In the listing that follows, find the line with "Аудио адаптер Lightning", then copy exactly from it through the line with "Cupra Born si", leaving out every picture.

Supplied records:
◆ ◆ ◆
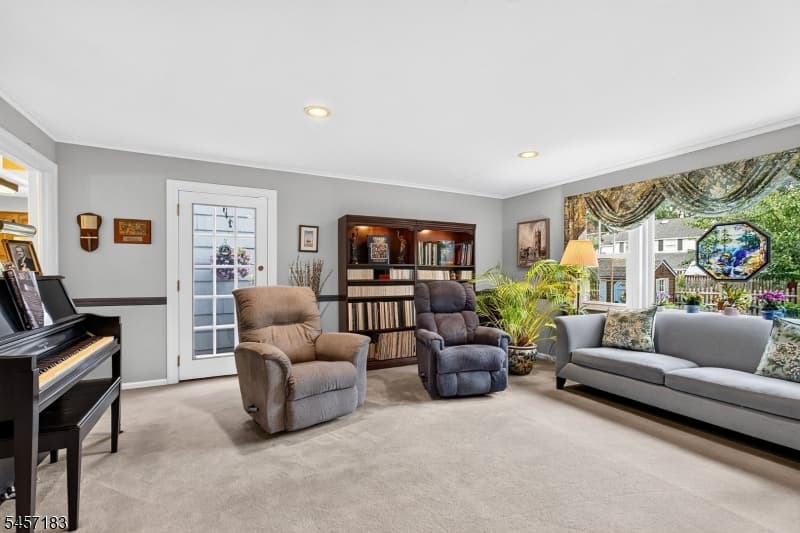 665 Fairfield Way, Union Twp. photo 9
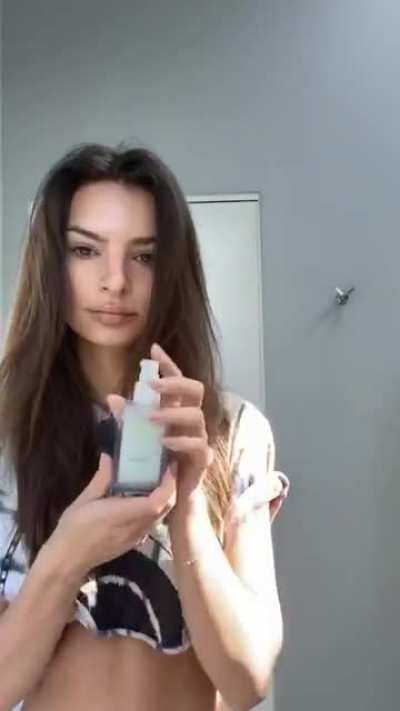 Emily Ratajkowski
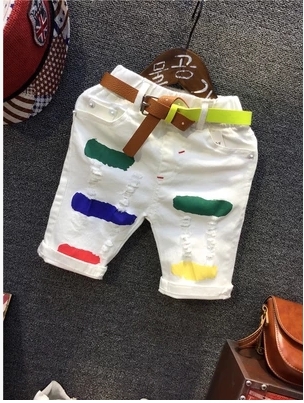 Λευκά παιδικά κοντομάνικα τζιν για αγόρια με πολύχρωμα μοτίβα.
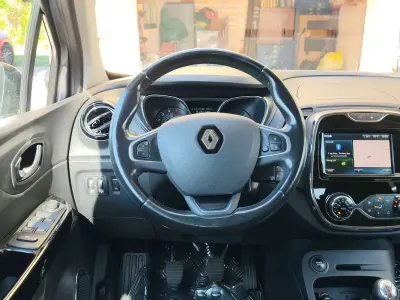 Usata Renault Captur Intens 90 CV (66 kW) 2017 Argento SUV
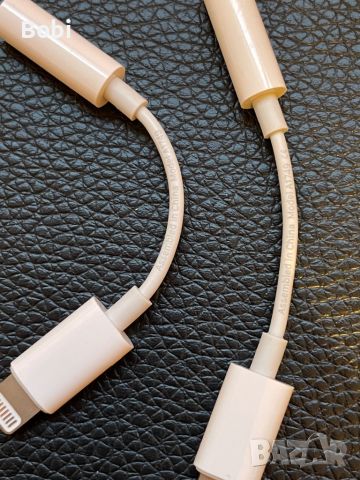 Аудио адаптер Lightning към жак 3,5 mm, Apple A1749 , снимка 4 - Аксесоари за Apple - 45798387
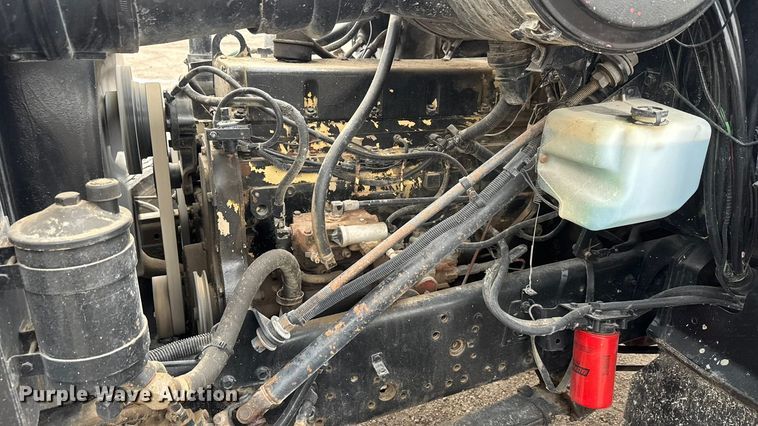 image for item EM8405 1991 International F2574 water truck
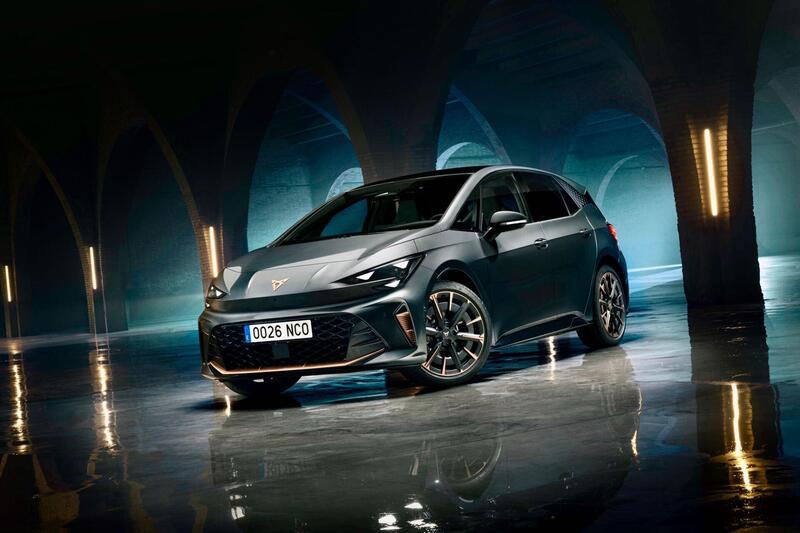 Cupra Born si aggiorna (di sostanza): pi&ugrave; potenza, pi&ugrave; tecnologia e un&rsquo;autonomia fino a 600 km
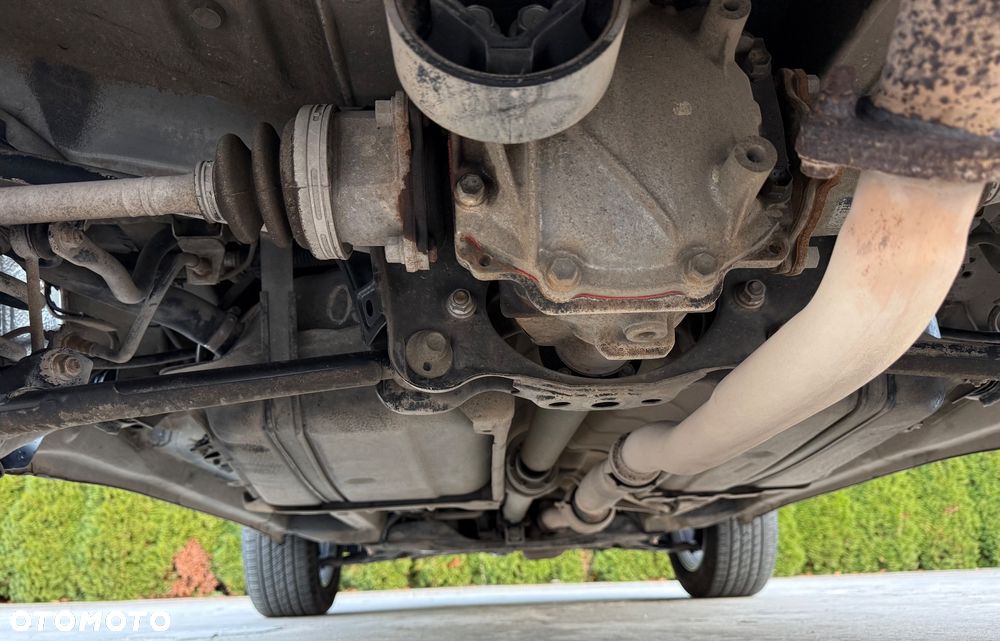 Toyota RAV4 2.0 VVT-i Prestige - 33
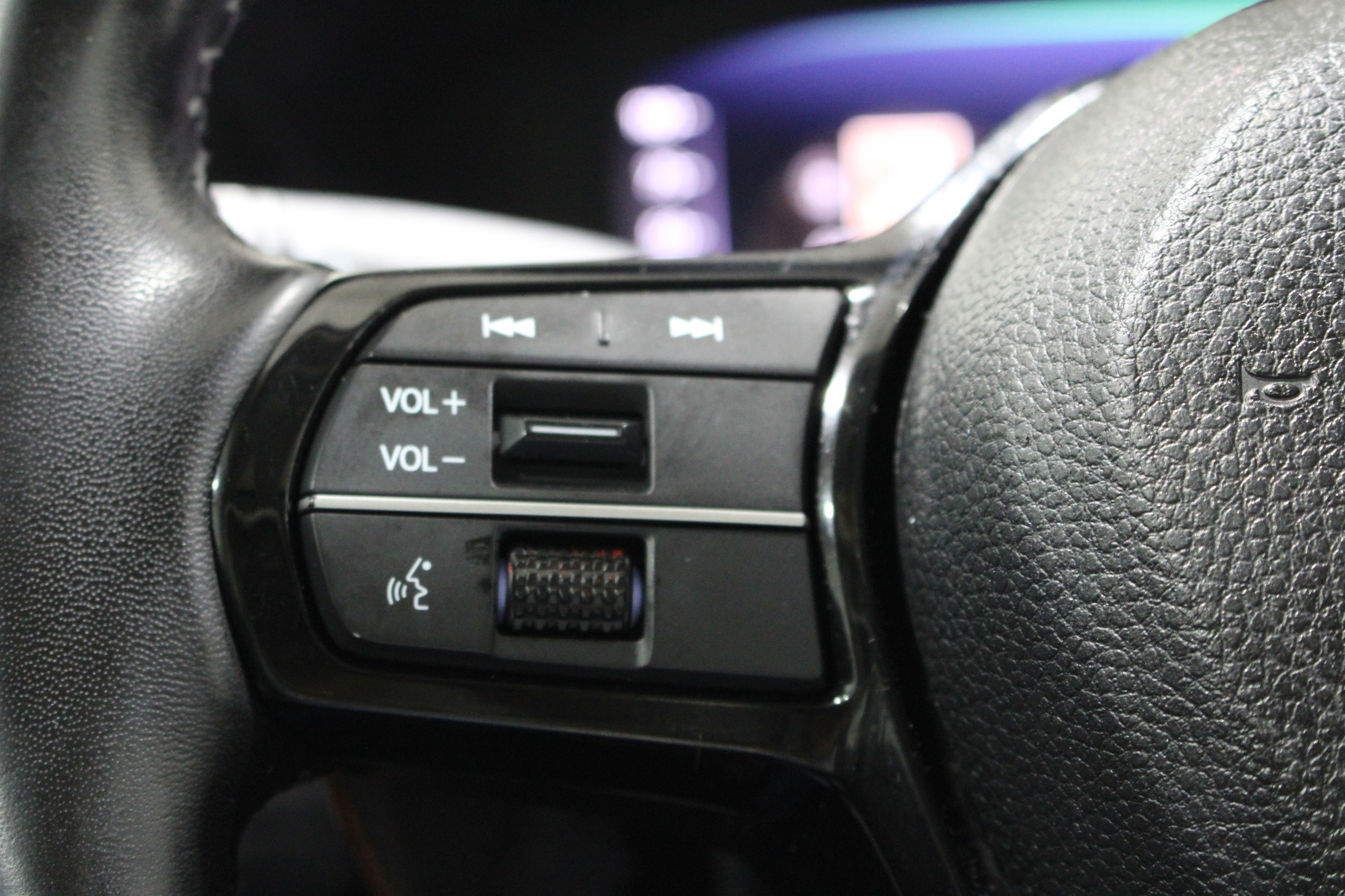 Used 2024 Honda Accord Touring image 11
◆ ◆ ◆
Task solution:
 Аудио адаптер Lightning към жак 3,5 mm, Apple A1749 , снимка 4 - Аксесоари за Apple - 45798387
 image for item EM8405 1991 International F2574 water truck
 Cupra Born si aggiorna (di sostanza): pi&ugrave; potenza, pi&ugrave; tecnologia e un&rsquo;autonomia fino a 600 km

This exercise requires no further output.